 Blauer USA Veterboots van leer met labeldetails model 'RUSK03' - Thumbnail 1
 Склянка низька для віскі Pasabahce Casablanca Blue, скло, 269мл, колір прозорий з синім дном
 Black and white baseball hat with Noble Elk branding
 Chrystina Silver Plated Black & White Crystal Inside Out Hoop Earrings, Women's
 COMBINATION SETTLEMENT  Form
====================
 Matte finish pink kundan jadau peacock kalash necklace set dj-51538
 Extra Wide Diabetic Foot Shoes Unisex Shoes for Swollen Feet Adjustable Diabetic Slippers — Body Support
====================
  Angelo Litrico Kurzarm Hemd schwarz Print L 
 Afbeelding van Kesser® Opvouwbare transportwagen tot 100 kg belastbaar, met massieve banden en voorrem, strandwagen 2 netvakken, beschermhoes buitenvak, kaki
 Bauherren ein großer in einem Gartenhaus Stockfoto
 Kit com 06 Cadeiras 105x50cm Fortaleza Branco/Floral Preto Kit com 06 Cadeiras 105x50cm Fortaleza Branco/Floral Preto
====================
Restate word for word only the lines above from the line containing "Bauherren ein großer" to the line containing "Kit com 06 Cadeiras 105x50cm Fortaleza Branco/Floral Preto Kit", both of them included.

 Bauherren ein großer in einem Gartenhaus Stockfoto
 Kit com 06 Cadeiras 105x50cm Fortaleza Branco/Floral Preto Kit com 06 Cadeiras 105x50cm Fortaleza Branco/Floral Preto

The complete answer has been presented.